## DIRECTIONS
Transcribe the whole listing below. Pictures do not go in the copy.

------ DATA BLOCK ------

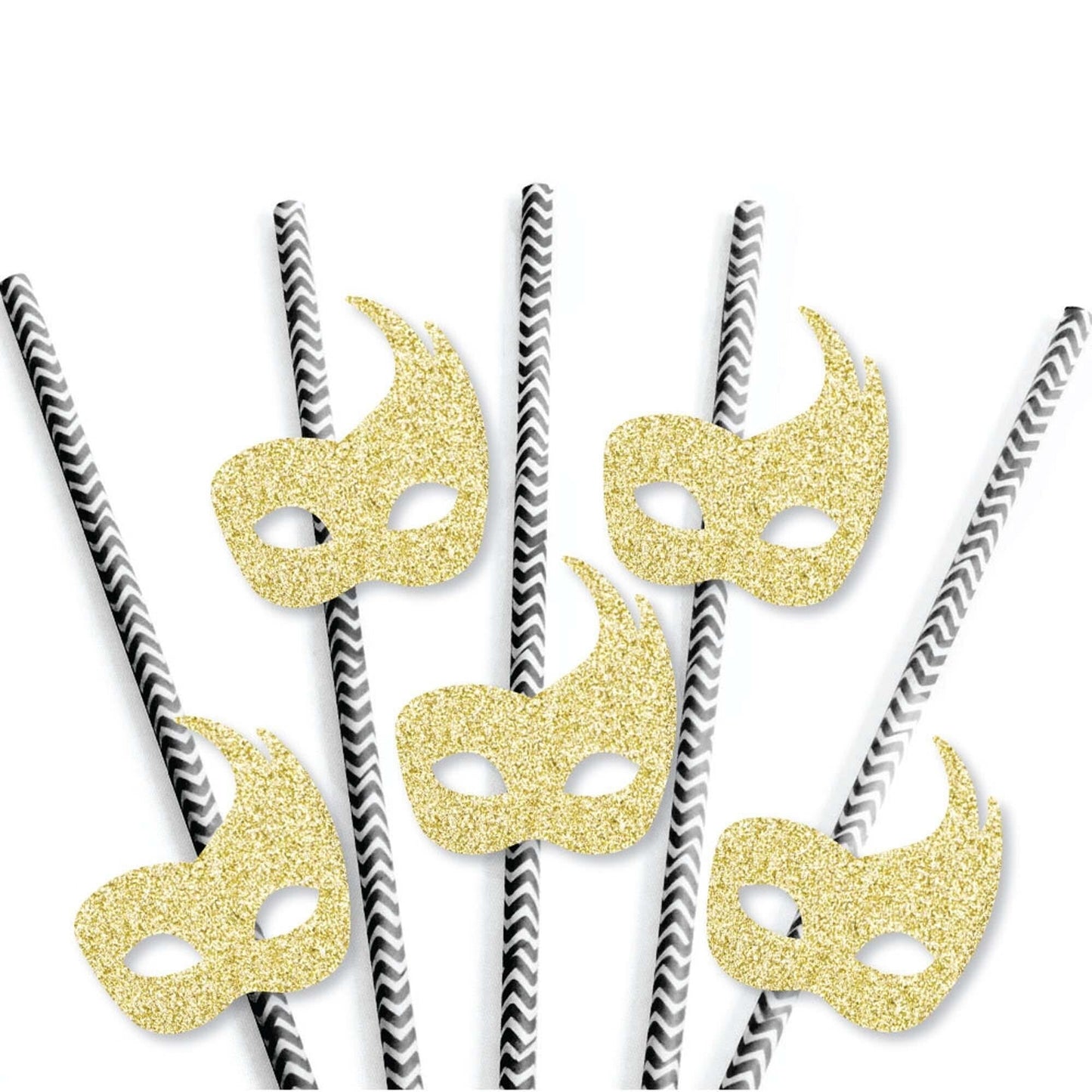 Gold Glitter Masks Party Straws - No-Mess Real Gold Glitter Cut-Outs & Decorative Masquerade Mardi Gras Party Paper Straws - Set of 24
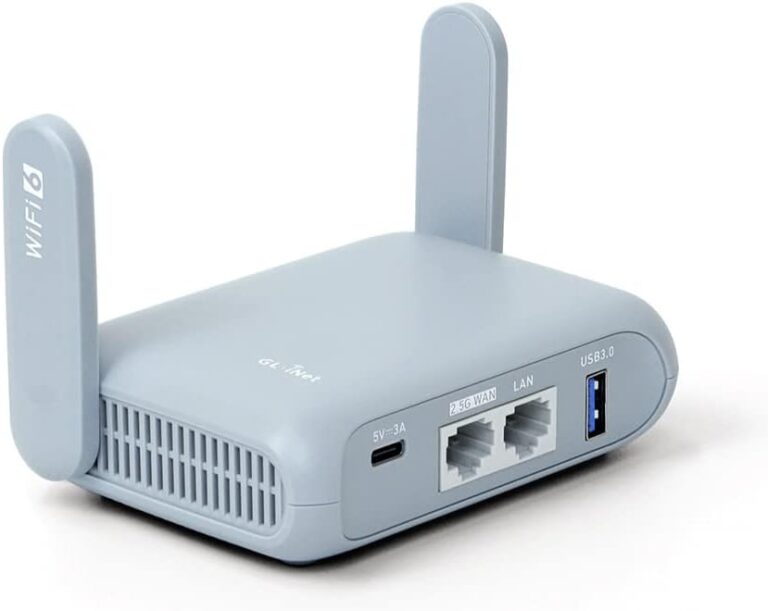 GL.iNet GL-MT3000 (Beryl AX) Klein Gigabit WiFi 6 Router für Zuhause & Reisen, Dual Band, Repeater, Extender, Geschwindigkeit bis zu 3000 Mbit/s, Kaskadierte VPN / IPV6 / WPA3, 2.5G WAN Port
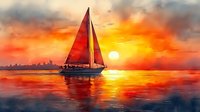 Sailboat with red sails gliding across calm waters during dramatic orange sunset, silhouetted city skyline on horizon, reflections dancing on water surface.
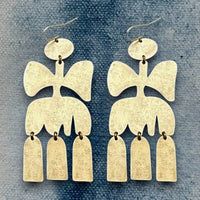 Heliconia Flower Brass Earrings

------

## PROBLEM SOLUTION
 Gold Glitter Masks Party Straws - No-Mess Real Gold Glitter Cut-Outs & Decorative Masquerade Mardi Gras Party Paper Straws - Set of 24
 GL.iNet GL-MT3000 (Beryl AX) Klein Gigabit WiFi 6 Router für Zuhause & Reisen, Dual Band, Repeater, Extender, Geschwindigkeit bis zu 3000 Mbit/s, Kaskadierte VPN / IPV6 / WPA3, 2.5G WAN Port
 Sailboat with red sails gliding across calm waters during dramatic orange sunset, silhouetted city skyline on horizon, reflections dancing on water surface.
 Heliconia Flower Brass Earrings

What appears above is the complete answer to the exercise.